I have a function f
that takes N
real-valued inputs and is very expensive to compute. Each of the N
inputs, call one by n
, has a range of values (n_min, n_max)
that it can take on. I am interested in studying the properties of f
by generating samples on various inputs and seeing what outputs it produces. (The goal is to use ML to build an approximator for f
.)
Let's say that due to time constraints I can only generate 1000 samples. Is it "better" to select the set of N
s that I feed to f
by
(A) iterating from n_min
to n_max
with a big enough step size for each n
, or
(B) uniformly sampling each n
on the range of (n_min, n_max)
?
Choice (A) has the desirable property of keeping every other input fixed while varying only one value at a time, but choice (B) has the desirable property of likely exploring more parts of the input space.
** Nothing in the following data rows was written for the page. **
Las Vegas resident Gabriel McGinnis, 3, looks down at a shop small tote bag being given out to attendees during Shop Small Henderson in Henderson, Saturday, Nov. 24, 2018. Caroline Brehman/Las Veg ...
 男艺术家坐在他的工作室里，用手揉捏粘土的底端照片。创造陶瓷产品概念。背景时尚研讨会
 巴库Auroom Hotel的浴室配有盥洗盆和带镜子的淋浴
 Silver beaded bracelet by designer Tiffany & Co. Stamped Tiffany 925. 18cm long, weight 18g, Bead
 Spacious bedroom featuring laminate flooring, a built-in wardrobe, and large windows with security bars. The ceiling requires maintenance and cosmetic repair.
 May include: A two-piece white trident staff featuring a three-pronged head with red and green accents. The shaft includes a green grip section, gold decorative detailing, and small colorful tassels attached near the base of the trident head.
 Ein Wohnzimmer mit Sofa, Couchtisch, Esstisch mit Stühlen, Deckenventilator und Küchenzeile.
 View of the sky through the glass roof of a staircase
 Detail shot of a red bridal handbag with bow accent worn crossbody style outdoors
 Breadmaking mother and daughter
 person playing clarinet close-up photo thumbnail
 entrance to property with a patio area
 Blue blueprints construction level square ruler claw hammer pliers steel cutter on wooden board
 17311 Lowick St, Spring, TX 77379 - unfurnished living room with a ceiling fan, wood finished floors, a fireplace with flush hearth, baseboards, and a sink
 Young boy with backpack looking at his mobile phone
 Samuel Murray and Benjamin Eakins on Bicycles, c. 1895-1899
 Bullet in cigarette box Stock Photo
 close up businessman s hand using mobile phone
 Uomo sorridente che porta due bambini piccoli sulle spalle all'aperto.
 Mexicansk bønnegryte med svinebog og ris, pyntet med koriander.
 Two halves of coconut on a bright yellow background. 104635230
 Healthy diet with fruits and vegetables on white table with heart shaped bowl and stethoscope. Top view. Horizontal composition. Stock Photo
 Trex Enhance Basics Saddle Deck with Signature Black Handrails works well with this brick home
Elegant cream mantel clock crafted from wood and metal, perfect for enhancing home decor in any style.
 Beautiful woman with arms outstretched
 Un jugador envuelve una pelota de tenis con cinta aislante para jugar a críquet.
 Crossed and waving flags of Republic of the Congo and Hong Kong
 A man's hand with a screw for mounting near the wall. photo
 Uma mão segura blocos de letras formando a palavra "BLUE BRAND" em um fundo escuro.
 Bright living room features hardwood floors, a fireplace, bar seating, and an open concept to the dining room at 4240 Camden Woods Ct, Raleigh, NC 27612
B is better when the function does not have equal variance over all the inputs, which it probably does not. In the extreme case, imagine you have 1000 samples, 3 inputs, but only one of them actually affects the function. If you sample over a 10x10x10 regular grid, as in A, you will end up with only 10 samples of the relevant input. If you sample with a uniform distribution, all 1000 samples will be informative.
As a variation on B, consider using a quasi-random sequence of inputs, such as the Sobol sequence. The advantage over a uniform distribution is that your input space coverage won't have clusters or holes.